- [Material shown]
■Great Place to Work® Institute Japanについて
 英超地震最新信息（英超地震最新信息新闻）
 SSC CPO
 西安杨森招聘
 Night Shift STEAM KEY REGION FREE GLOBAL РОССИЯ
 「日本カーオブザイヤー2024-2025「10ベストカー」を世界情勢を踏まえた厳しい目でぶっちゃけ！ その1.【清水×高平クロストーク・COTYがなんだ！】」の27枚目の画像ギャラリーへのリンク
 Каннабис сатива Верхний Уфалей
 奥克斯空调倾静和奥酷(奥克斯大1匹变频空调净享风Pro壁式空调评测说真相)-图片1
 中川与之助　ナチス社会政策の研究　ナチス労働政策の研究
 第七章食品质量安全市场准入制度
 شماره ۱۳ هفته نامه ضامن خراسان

- [Work to be completed] Keep every word intact and transcribe the records in full.

- [Output of the exercise]
■Great Place to Work® Institute Japanについて
 英超地震最新信息（英超地震最新信息新闻）
 SSC CPO
 西安杨森招聘
 Night Shift STEAM KEY REGION FREE GLOBAL РОССИЯ
 「日本カーオブザイヤー2024-2025「10ベストカー」を世界情勢を踏まえた厳しい目でぶっちゃけ！ その1.【清水×高平クロストーク・COTYがなんだ！】」の27枚目の画像ギャラリーへのリンク
 Каннабис сатива Верхний Уфалей
 奥克斯空调倾静和奥酷(奥克斯大1匹变频空调净享风Pro壁式空调评测说真相)-图片1
 中川与之助　ナチス社会政策の研究　ナチス労働政策の研究
 第七章食品质量安全市场准入制度
 شماره ۱۳ هفته نامه ضامن خراسان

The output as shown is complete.